The venue on the Esplanade of Edinburgh Castle, the performances, music and dancing and the professional production of the World’s premier outdoor attraction is unique. The variety of performers from all over the world, military or civilian, their cultures and ethos, and sheer ability to perform in the open, and the military and other music coupled with the military and massed pipe bands is unsurpassed. Even if you don’t have a tiny wee drop o’ Scottish blood, you will be stirred at the Tattoo. I get goosebumps whenever I hear bagpipes so to hear hundreds of them all at once is the best feeling.
It was intimate and stimulating, stirring and evocative. Even on a rainy, cold night, it was a wonderful sight, the backdrop of the romantic Castle, the floodlit city below, the skirl of pipes and visitors from all Aires and parts o’ the world. The event is truly organised to military precision and no matter what seat you chose you are in for a good show.
The ever-present castle, foreboding and welcoming all at the same time provides such a great backdrop to the drama played out in its shadow. It’s the biggest character in the whole show, dominating with its sheer bulk.
There is something for everyone here. Spectacle, wonder, inspiration, emotion, passion, pride, wonderful music. I found myself choked up with emotion and wiping tears from my eyes when the pipes and drums marched in playing some of the most beautiful music I’ve ever heard. It was a thrilling experience for my husband and me.
There is barely time to draw breath. After all the joy of listening to the massed bands, suddenly your attention is drawn to a lone piper standing high up in the ramparts playing an eerie lament. If the hairs on the back of your neck don’t stand up, you’re not human!

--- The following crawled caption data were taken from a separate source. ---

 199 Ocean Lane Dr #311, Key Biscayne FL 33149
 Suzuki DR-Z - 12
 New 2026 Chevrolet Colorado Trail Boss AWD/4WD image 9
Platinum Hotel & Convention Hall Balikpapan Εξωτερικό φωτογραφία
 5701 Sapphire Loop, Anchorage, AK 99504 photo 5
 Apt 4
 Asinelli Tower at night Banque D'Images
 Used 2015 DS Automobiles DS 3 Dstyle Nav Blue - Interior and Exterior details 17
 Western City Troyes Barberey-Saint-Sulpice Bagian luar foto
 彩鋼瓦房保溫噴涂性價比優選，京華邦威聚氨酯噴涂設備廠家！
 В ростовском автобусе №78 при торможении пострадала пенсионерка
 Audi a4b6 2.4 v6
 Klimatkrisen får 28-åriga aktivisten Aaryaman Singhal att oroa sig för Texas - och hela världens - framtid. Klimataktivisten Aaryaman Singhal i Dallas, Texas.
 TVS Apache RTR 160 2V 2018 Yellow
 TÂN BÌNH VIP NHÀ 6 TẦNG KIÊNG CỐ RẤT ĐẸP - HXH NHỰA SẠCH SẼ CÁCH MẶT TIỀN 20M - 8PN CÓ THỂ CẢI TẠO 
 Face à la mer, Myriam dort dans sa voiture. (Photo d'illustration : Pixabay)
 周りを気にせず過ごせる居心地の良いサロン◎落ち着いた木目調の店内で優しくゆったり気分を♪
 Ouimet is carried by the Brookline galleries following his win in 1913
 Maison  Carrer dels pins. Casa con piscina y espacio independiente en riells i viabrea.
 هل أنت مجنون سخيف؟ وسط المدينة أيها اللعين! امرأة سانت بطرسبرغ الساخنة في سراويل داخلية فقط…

The costumes outshone Broadway, the talent was abundant, and the memories of this fantastic night will truly last me a lifetime. This amazing show finished with a spectacular fireworks display.
One word of warning, if you don’t like heights, try to get seats lower down. It can be a bit daunting to climb to the top of the stands if you have a problem with heights. Also take a blanket, dress in layers but take your sunglasses too. You never know what the Scottish weather will throw at you and it can be quite cold even in August. The show will go on regardless of the weather; a show has never been cancelled since they first started in 1950. Finally, just go, I promise you will not be disappointed. This is for everyone and all ages.